▶ **MATERIALS PROVIDED**:
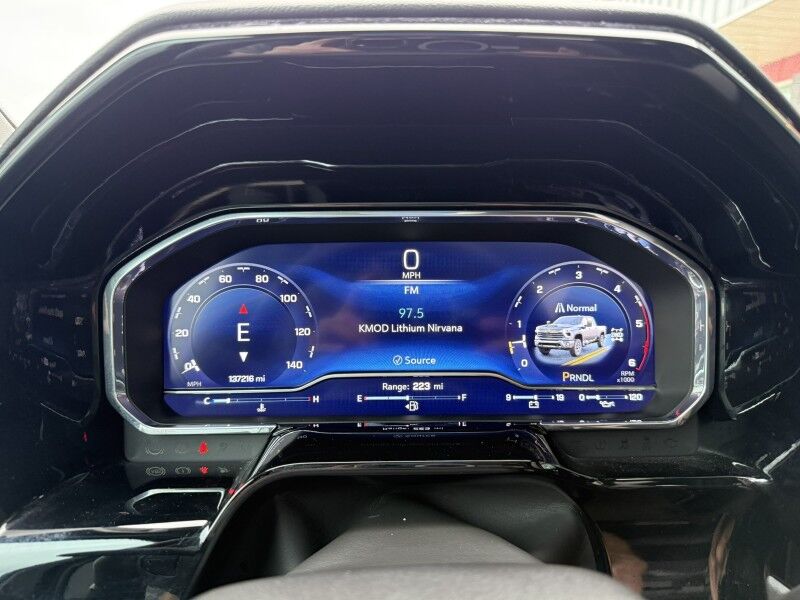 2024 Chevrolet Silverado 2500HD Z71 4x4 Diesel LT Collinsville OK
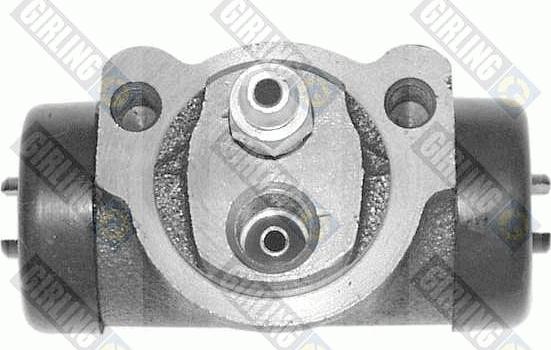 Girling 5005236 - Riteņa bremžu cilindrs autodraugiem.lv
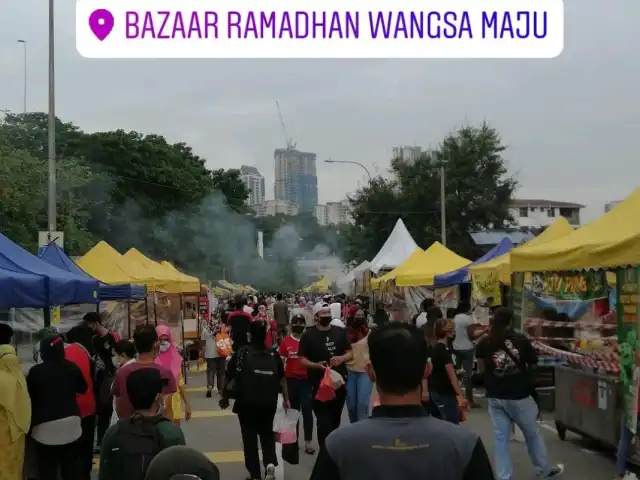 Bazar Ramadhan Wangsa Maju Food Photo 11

* * *

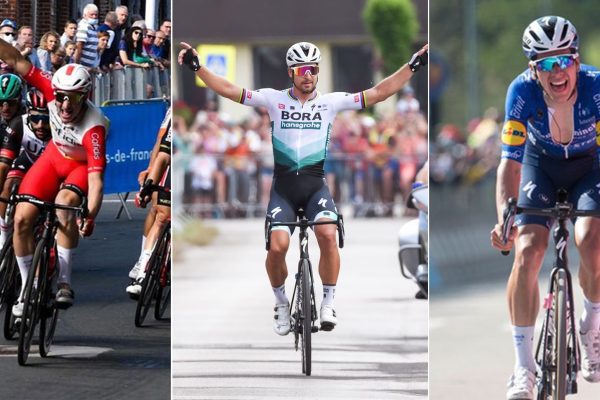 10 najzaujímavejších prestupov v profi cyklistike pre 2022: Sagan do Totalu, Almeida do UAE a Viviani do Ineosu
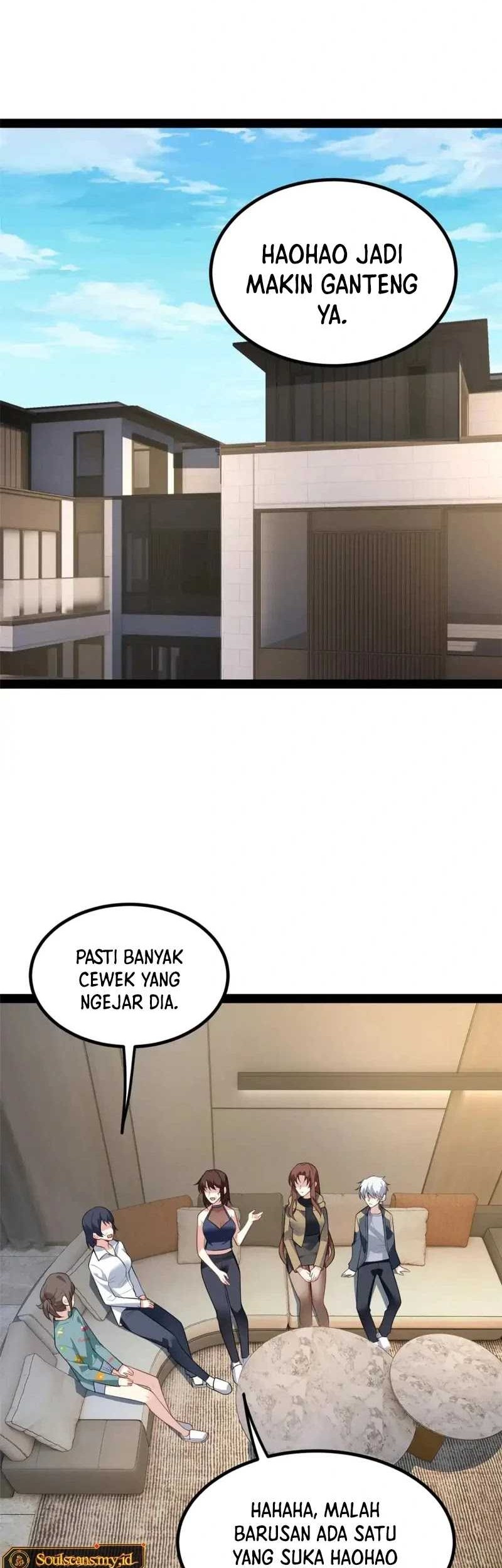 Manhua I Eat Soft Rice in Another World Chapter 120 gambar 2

* * *

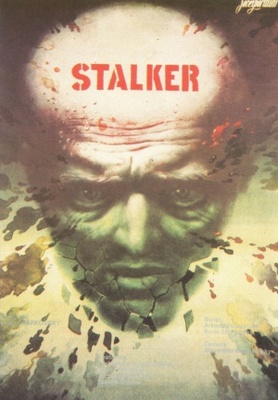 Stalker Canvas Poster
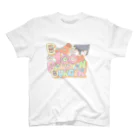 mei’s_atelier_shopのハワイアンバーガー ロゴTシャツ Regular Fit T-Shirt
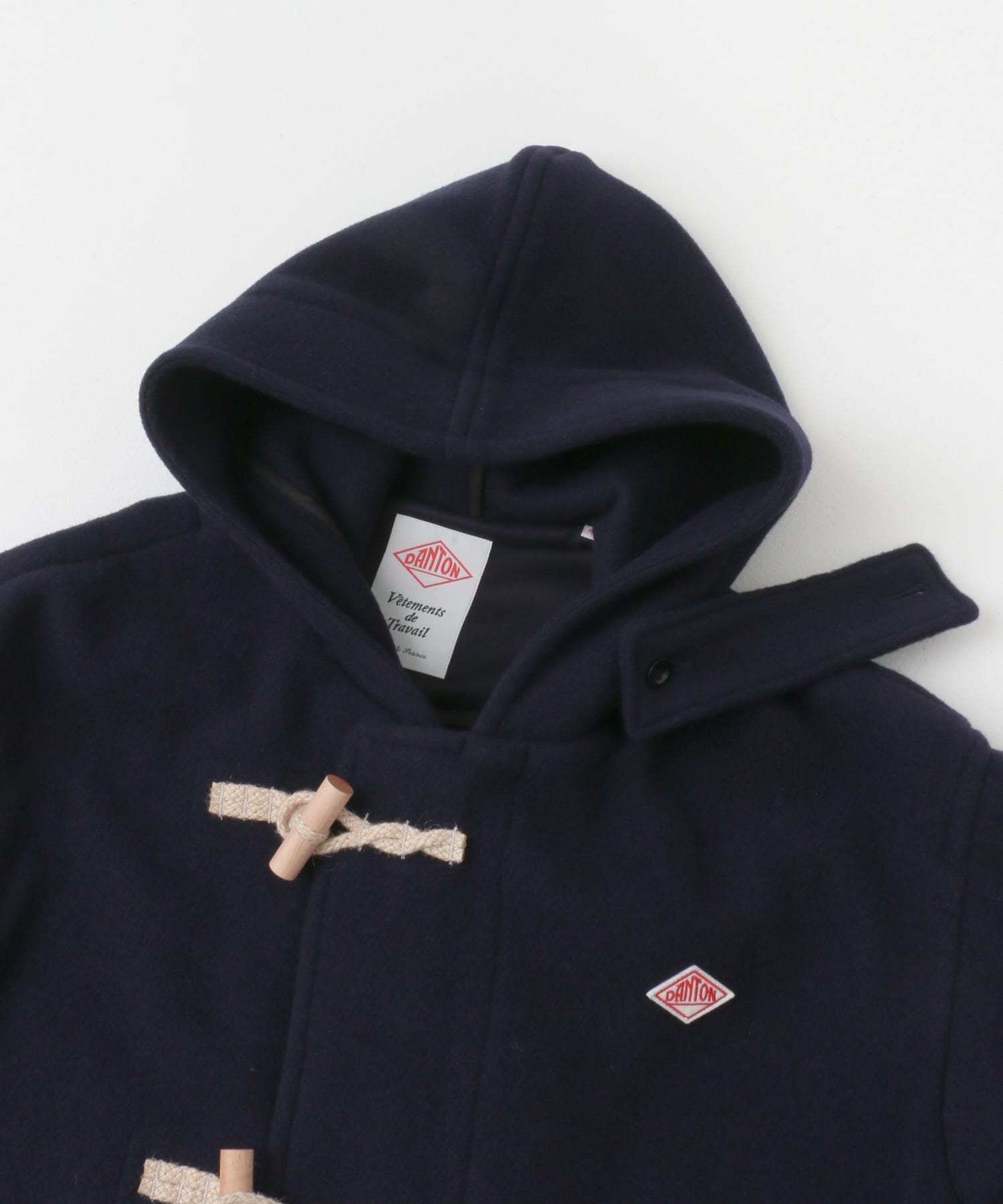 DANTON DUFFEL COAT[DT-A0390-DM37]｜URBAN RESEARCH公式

▶ **ACTIVITY**: What's needed is an exact copy of the lines above from the one with "Stalker Canvas Poster" through the one with "DANTON DUFFEL COAT[DT-A0390-DM37]｜URBAN", both included; the pictures stay out.

▶ **ANSWER TO THIS PROBLEM**:
 Stalker Canvas Poster
 mei’s_atelier_shopのハワイアンバーガー ロゴTシャツ Regular Fit T-Shirt
 DANTON DUFFEL COAT[DT-A0390-DM37]｜URBAN RESEARCH公式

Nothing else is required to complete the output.